The core Sunfish implementation
BSD 3-Clause "New" or "Revised" License
2 stars 4 forks source link

Handle scenario where an Agent restarts and performs the registration multiple times. #13

Open mgazz opened 5 months ago

mgazz commented 5 months ago

Currently, if an Agent restarts multiple times:

Define a correct procedure to handle the internal state in case of multiple registration.
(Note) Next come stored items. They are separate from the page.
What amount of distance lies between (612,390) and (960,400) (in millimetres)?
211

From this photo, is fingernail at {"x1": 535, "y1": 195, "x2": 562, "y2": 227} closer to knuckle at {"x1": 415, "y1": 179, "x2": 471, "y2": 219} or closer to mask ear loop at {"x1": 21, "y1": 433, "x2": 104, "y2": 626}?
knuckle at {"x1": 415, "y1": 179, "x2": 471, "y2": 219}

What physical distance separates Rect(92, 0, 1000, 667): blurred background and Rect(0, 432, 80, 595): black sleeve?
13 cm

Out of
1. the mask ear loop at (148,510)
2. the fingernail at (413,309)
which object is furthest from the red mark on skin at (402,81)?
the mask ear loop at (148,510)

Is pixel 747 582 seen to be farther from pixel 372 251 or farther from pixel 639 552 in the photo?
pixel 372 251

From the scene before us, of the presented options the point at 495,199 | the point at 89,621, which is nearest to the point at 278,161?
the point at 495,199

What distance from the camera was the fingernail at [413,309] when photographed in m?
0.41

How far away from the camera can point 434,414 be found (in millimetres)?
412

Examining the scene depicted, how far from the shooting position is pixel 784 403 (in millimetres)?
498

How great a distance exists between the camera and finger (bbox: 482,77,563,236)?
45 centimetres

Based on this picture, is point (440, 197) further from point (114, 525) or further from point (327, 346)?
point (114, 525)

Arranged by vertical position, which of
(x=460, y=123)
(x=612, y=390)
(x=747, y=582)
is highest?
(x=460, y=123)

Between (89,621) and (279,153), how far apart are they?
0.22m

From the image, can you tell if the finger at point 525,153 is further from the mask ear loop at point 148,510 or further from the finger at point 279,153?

rherrell commented 4 months ago

Don't have all the answers, but some helpful concepts from Gen-Z: a) hardware managers (FMs) that feed the Agent the inventory and status of the fabric components they are managing apply some form of FM created UUID that identify the FM instance that created the inventory. The Agent includes a form of that UUID in a Fabric ID that the Agent includes when it registers with Sunfish Core and sends the aggregated Redfish model for the resources reported by the Agent. This ties a Sunfish fabric model to a set of specific instances of FMs managing the associated hardware.
b) Each individual resource reported by the FM to the Agent has a unique UUID that is fixed to the hardware components. c) An Agent that restarts can retrieve the current state of the FMs' resources. If the FMs have not reset, each will return the same FM instance UUID to the restarted Agent. When the Agent re-uses those same UUIDs to generate a Fabric ID, it should come up with the same Fabric ID as last time.
d) When the restarted Agent attempts to register the same Fabric ID and an inventory that contains (mostly) already present hardware UUIDs, this is a major tip-off to Sunfish Core that this 'new Agent' is managing an existing fabric and not a totally new version. e) If it had been the FMs that restarted and not the Agent, the FM instance UUID will change and the Agent can detect the mismatch when the FM registers with the Agent. Since the Agent already has an inventory containing most or all of the same hardware UUIDs, the Agent can map the new FM UUID to the original FM UUID that the Agent and Sunfish Core are going to continue to use as a handle for communications involving these resources.
f) when the FM restarts, it has to re-discover the fabric components in its management domain. It is pretty obvious if the FM is crawling out a running fabric (components in 'managed' states) vs a cold fabric (un-managed components). The FM can alert the Agent that it is reporting a 'cold start' fabric inventory. g) The Agent and/or Sunfish Core need to have checks in their FM and Agent registration process (respectively) to detect an upload of an existing fabric inventory and status, and handle both scenarios unambiguously. h) If the hardware of the fabric was not reset, the FM and the Agent shall transfer the current fabric inventory and state to Sunfish Core, preferably as a series of ResourceUpdated Events that eventually bring the resource models and inventory for all three entities (Sunfish Core, Agent, FM) into alignment with the hardware truth. Sunfish Core shall issue the appropriate update Events to all correspondingly registered clients.